A incidência de IOF de 5% sobre valores mensais superiores a R$ 50 mil em planos de previdência (VGBL), conforme anunciado pelo governo na quinta-feira, vai inibir o uso da modalidade no país, avaliam especialistas ouvidos pelo GLOBO.

A medida, que entrou em vigor na sexta-feira, 23, estabelece cobrança de IOF de 5% nos planos de seguro de vida com cobertura por sobrevivência com aportes mensais superiores a R$ 50 mil. Abaixo desse valor, não há cobrança de imposto. Em coletiva na quinta-feira, o secretário da Receita Federal, Robinson Barreirinhas, disse que o governo identificou "uma brecha para evasão fiscal em um instrumentos de previdência complementar" por pessoas de alta renda.

Para João Almeida, diretor de Wealth Management da Suno Wealth, haverá redução de aportes, já que a cobrança desincentiva aplicações altas, pois o investidor começaria com uma perda imediata de capital:

Se você aporta R$ 100 mil, no mesmo dia tem R$ 95 mil.
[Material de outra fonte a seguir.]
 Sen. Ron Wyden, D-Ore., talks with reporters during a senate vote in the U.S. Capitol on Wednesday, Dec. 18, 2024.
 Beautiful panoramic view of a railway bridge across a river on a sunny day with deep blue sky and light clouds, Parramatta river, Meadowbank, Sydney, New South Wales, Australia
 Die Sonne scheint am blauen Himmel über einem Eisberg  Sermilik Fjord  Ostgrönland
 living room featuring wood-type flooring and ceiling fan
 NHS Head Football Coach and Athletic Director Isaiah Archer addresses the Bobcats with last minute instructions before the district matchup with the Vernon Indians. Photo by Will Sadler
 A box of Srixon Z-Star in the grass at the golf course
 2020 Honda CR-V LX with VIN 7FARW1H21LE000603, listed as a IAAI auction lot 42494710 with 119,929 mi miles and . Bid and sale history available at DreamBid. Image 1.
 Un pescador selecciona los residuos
O dinheiro precisa render só para recuperar o valor inicial. Isso torna o VGBL pouco atrativo para grandes aportes.

O economista questiona o argumento de isonomia usado pelo governo para justificar a medida, já que não há outros investimentos financeiros com taxa de entrada tão elevada. Para ele, trata-se de uma tentativa do governo de fechar o cerco em torno do planejamento patrimonial:

"Primeiro vieram os fundos exclusivos, depois as offshores. Agora, atingiram os fundos de previdência."

Segundo Almeida, a tendência é que o PGBL, outro tipo de plano previdenciário e que permanece isento da nova tributação, torne-se mais atraente em alguns casos. Outra possibilidade é que esses aportes sejam fatiados, com valores abaixo de R$ 50 mil mensais.
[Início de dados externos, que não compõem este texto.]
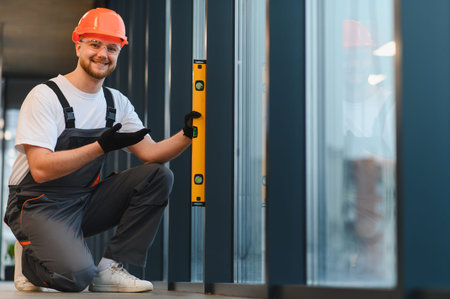 Construction worker wearing hard hat and safety glasses, using a bubble level for accurate...
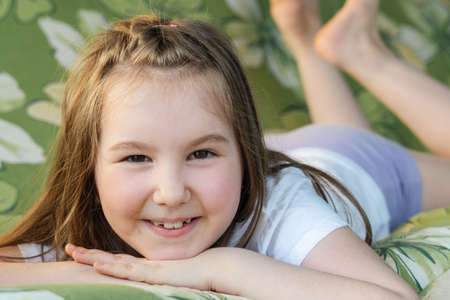 Portrait of a little beautiful smiling girl. Little cute girl having fun and rest outside in summer.の写真素材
"R$ 50 mil por mês é um valor que poucos brasileiros aportam com frequência. Então, a mudança atinge quem vende uma empresa ou imóvel e quer aplicar R$ 1 milhão ou R$ 2 milhões de uma só vez. Isso não será mais feito via VGBL ou, então, será diluído em vários meses, com aportes menores" — afirma.

Cristiano Corrêa, professor de Finanças do Ibmec-SP, acredita que a medida é prejudicial para o segmento previdenciário:

"O governo alega que é para preservar a segurança previdenciária, mas não me parece uma justificativa. A sensação é que o governo tentou achar brechas para ter o mínimo de rendimento."

Por isso, Corrêa acredita que pode haver uma reavaliação sobre esse tipo de investimento, que tem objetivo de longo prazo:

"Em um país onde o juro é muito alto, as pessoas vão fazendo aplicações onde acham custos menores."

Haverá revisão de estratégias, diz tributarista

Eduardo Natal, sócio do escritório Natal & Manssur Advogados e presidente do Comitê de Transação Tributária da Associação Brasileira da Advocacia Tributária (Abat), afirma que a incidência do IOF altera significativamente a lógica de uso desse instrumento.

"Antes isento de IOF na entrada, o VGBL era visto como uma alternativa fiscalmente eficiente para alocação de grandes volumes, com tributação apenas sobre os rendimentos, conforme tabela regressiva, de 35% para resgates em até dois anos, caindo gradualmente até 10% após dez anos. Com o novo modelo, o governo busca equiparar o custo tributário de investidores que aportam valores mais elevados a uma carga média mínima próxima de 15% ao final do período de dez anos", desincentivando o uso intensivo do VGBL como ferramenta de planejamento fiscal de curto e médio prazo — explica o tributarista.

Para Natal, com isso, a medida anunciada pelo governo tende a inibir o uso do VGBL por investidores que realizavam grandes aportes mensais com o objetivo de obter economia fiscal, especialmente aqueles que visavam manter os recursos por longos períodos para alcançar a menor alíquota da tabela regressiva.

"A incidência imediata de 5% sobre o valor aportado compromete a eficiência tributária do produto para esse perfil. Com isso, é possível prever um esvaziamento parcial da modalidade ou, ao menos, uma reavaliação das estratégias, com redução dos aportes para valores inferiores ao limite de R$ 50 mil, de forma a evitar o novo encargo. Assim, a mudança não atinge a atratividade do VGBL para o investidor comum, mas impacta diretamente a estratégia de quem vinha utilizando o instrumento como veículo de alocação patrimonial com foco em redução fiscal", afirma.